_Action item_
An exact copy of every entry is needed, without the pictures.

_Records supplied_
+ + +

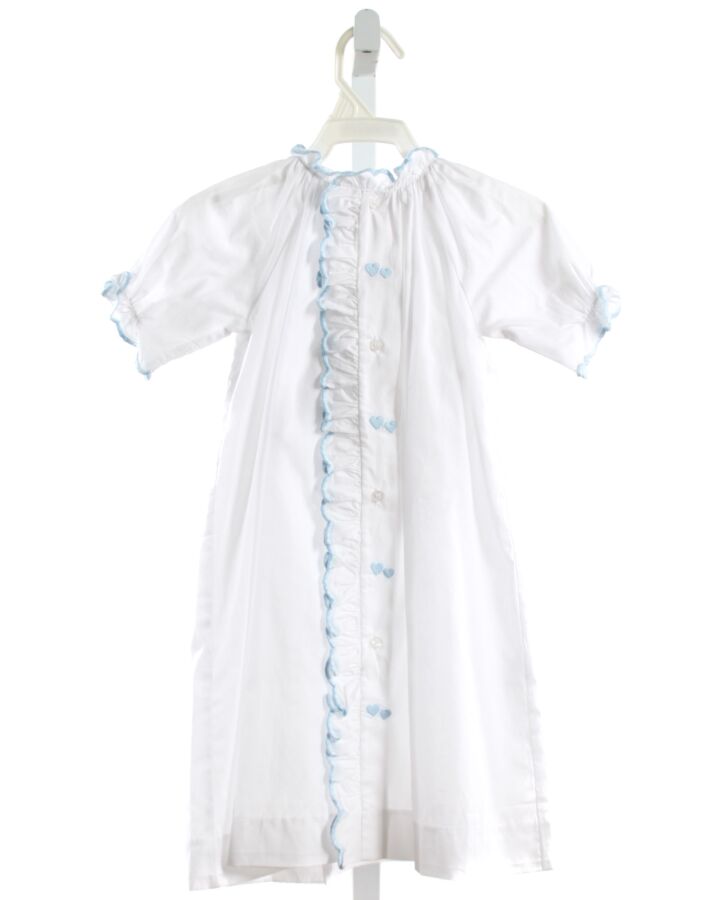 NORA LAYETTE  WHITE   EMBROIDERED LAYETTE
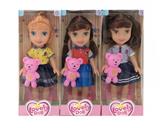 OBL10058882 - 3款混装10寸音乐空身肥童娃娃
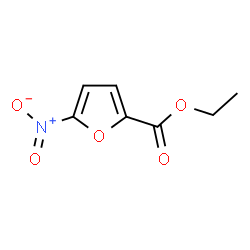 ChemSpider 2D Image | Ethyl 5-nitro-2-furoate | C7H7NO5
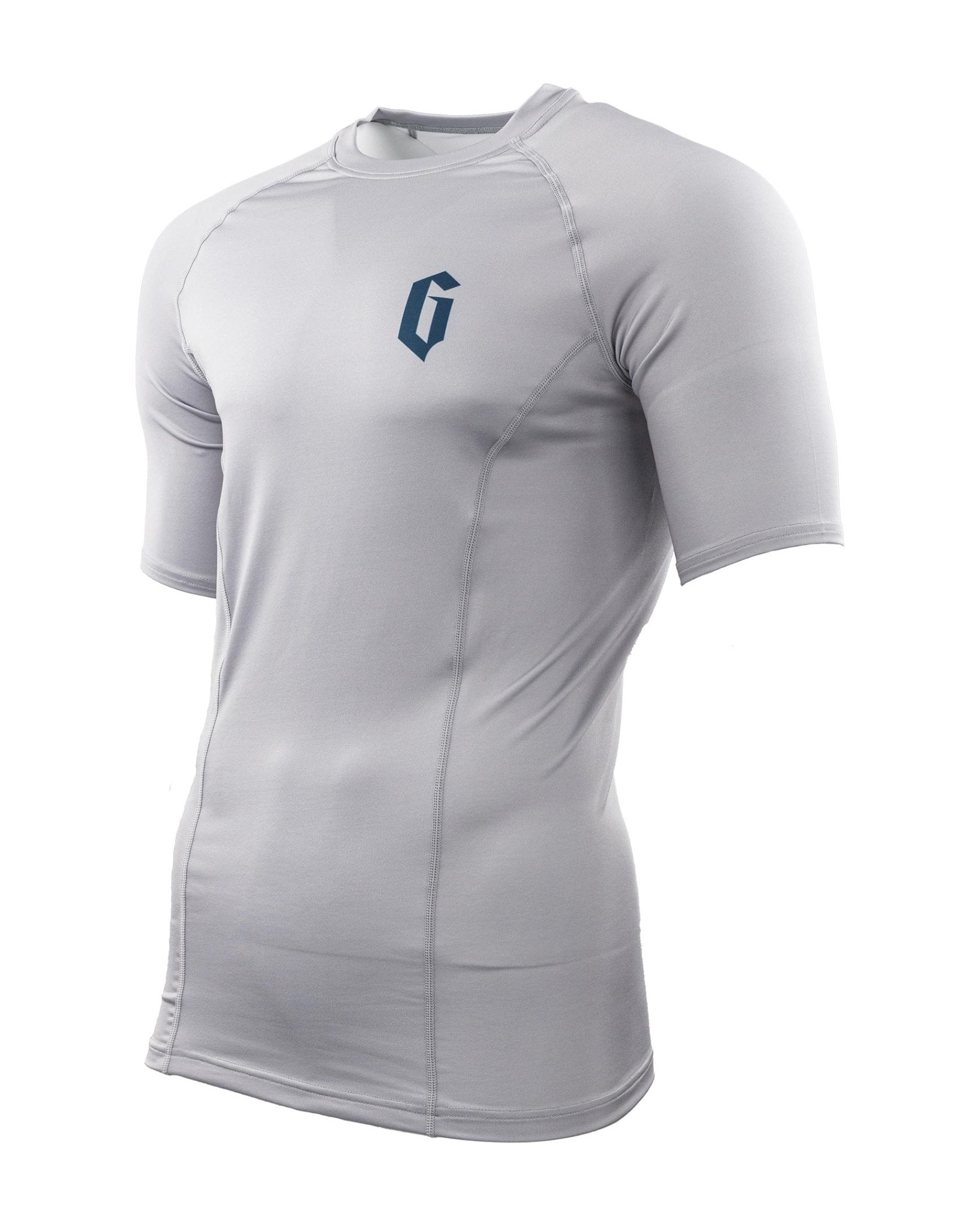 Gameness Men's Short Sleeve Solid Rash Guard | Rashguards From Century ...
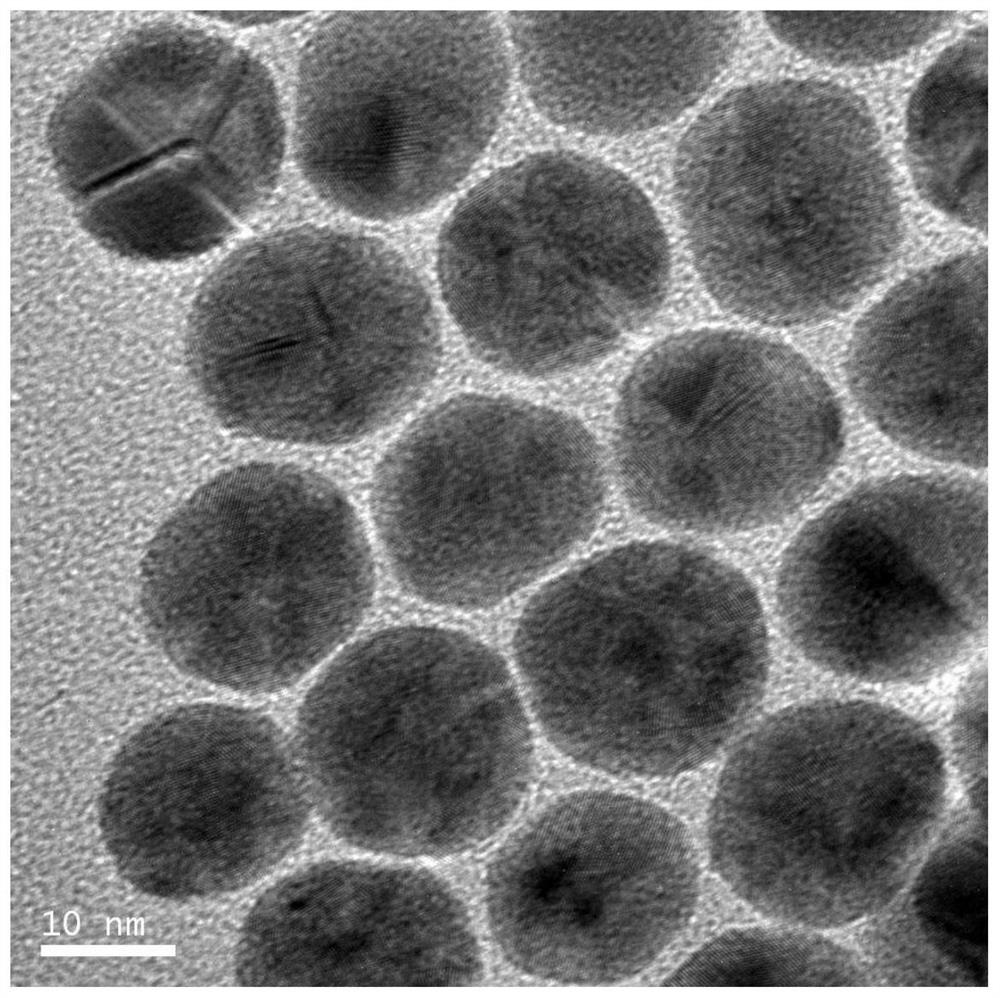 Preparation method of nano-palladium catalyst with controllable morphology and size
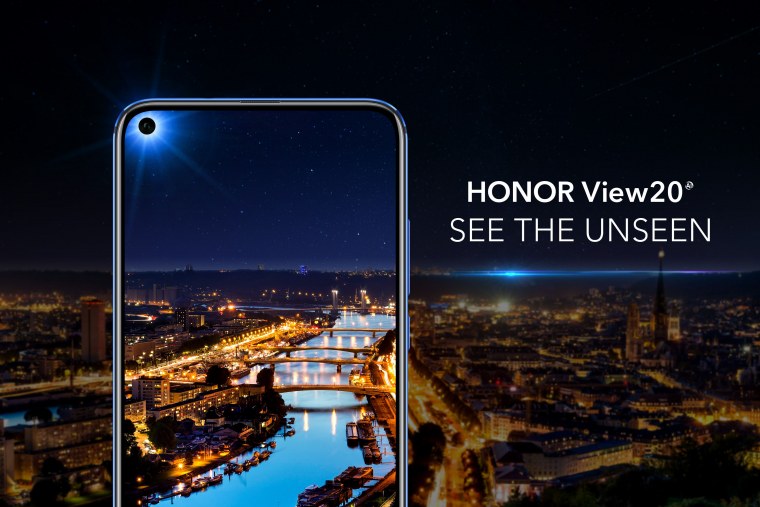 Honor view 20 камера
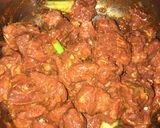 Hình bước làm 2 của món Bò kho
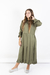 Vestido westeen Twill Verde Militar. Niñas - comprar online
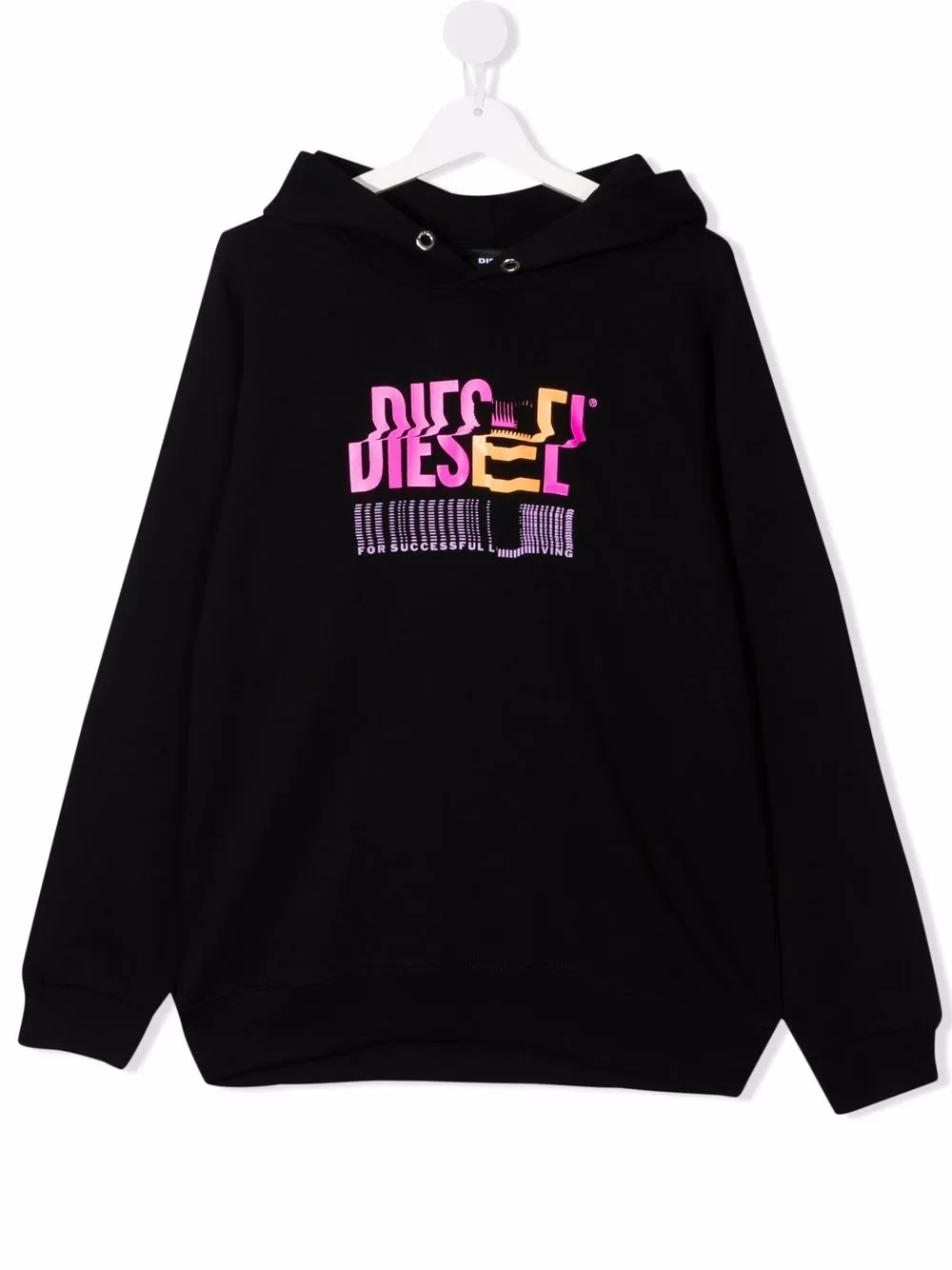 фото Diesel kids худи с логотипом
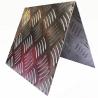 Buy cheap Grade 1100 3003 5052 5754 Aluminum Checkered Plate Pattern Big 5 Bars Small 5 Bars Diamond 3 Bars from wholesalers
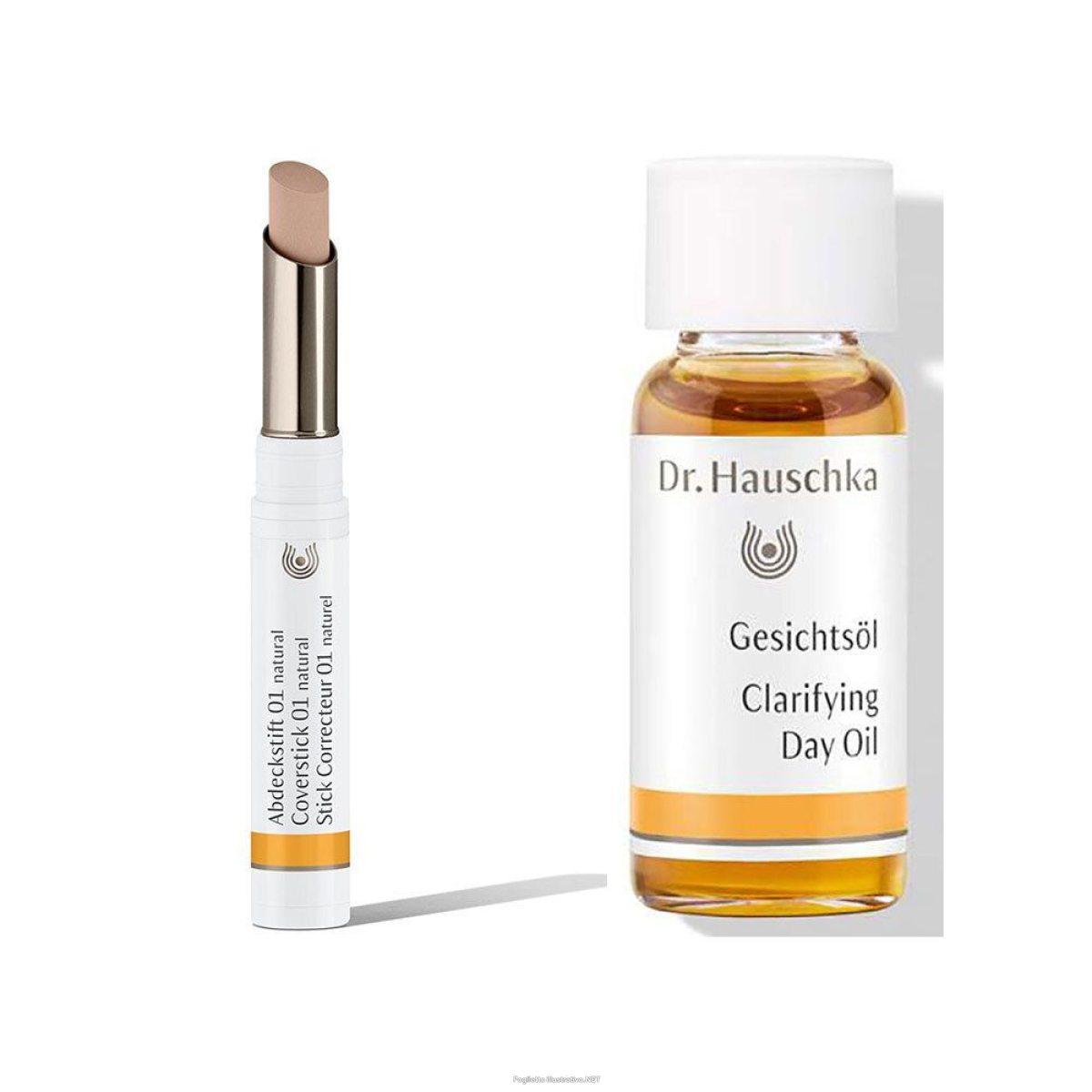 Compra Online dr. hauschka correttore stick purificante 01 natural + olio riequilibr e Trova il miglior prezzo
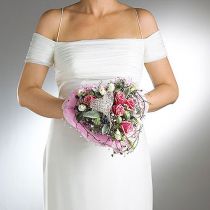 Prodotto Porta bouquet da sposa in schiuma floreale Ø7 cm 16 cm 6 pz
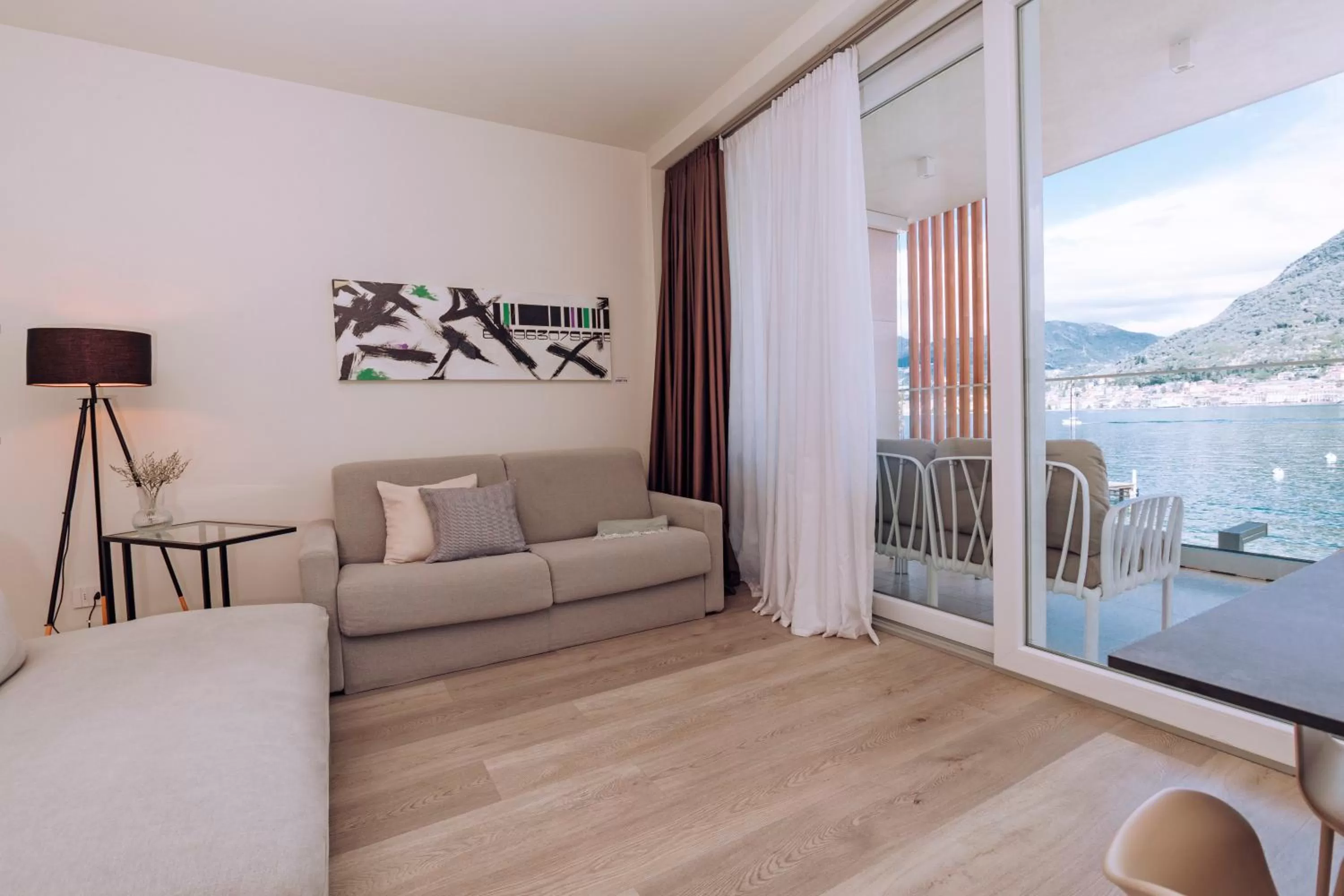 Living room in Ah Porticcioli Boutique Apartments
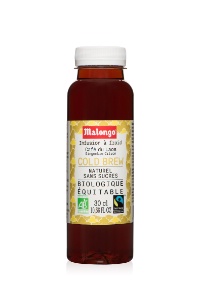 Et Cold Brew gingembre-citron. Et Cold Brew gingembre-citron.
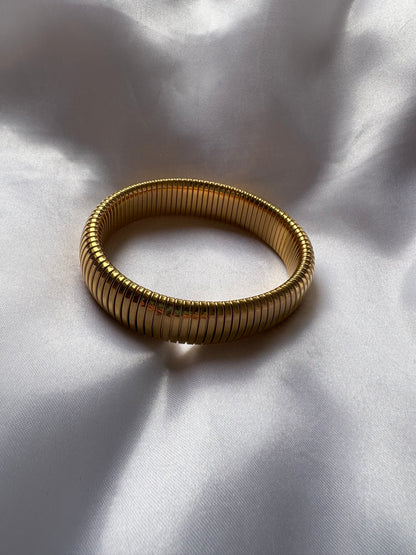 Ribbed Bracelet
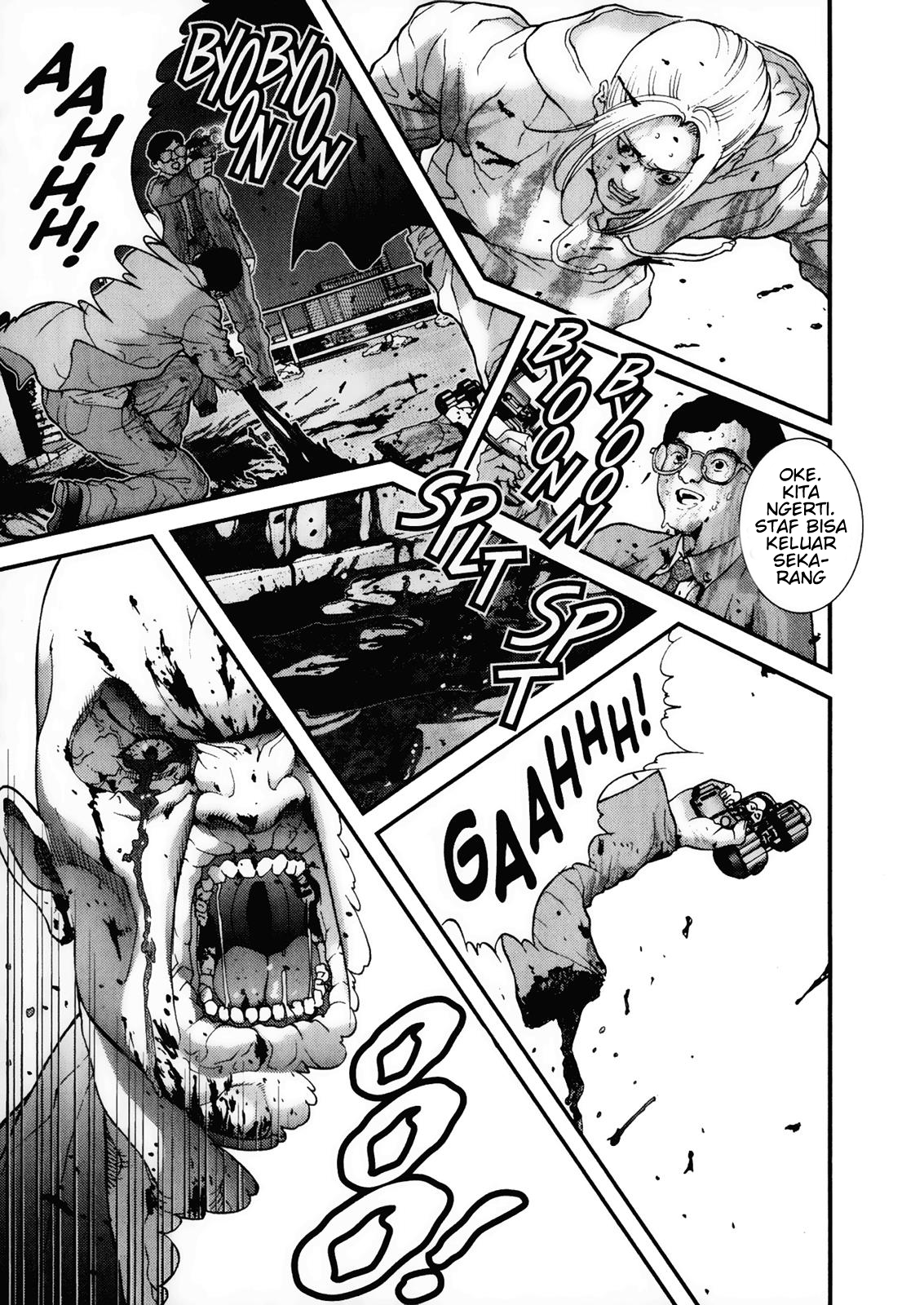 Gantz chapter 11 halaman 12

+ + +

_Expected answer_
 NORA LAYETTE  WHITE   EMBROIDERED LAYETTE
 OBL10058882 - 3款混装10寸音乐空身肥童娃娃
 ChemSpider 2D Image | Ethyl 5-nitro-2-furoate | C7H7NO5
 Gameness Men's Short Sleeve Solid Rash Guard | Rashguards From Century ...
 Preparation method of nano-palladium catalyst with controllable morphology and size
 Honor view 20 камера
 Hình bước làm 2 của món Bò kho
 Vestido westeen Twill Verde Militar. Niñas - comprar online
 фото Diesel kids худи с логотипом
 Buy cheap Grade 1100 3003 5052 5754 Aluminum Checkered Plate Pattern Big 5 Bars Small 5 Bars Diamond 3 Bars from wholesalers
 Compra Online dr. hauschka correttore stick purificante 01 natural + olio riequilibr e Trova il miglior prezzo
 Prodotto Porta bouquet da sposa in schiuma floreale Ø7 cm 16 cm 6 pz
 Living room in Ah Porticcioli Boutique Apartments
 Et Cold Brew gingembre-citron. Et Cold Brew gingembre-citron.
 Ribbed Bracelet
 Gantz chapter 11 halaman 12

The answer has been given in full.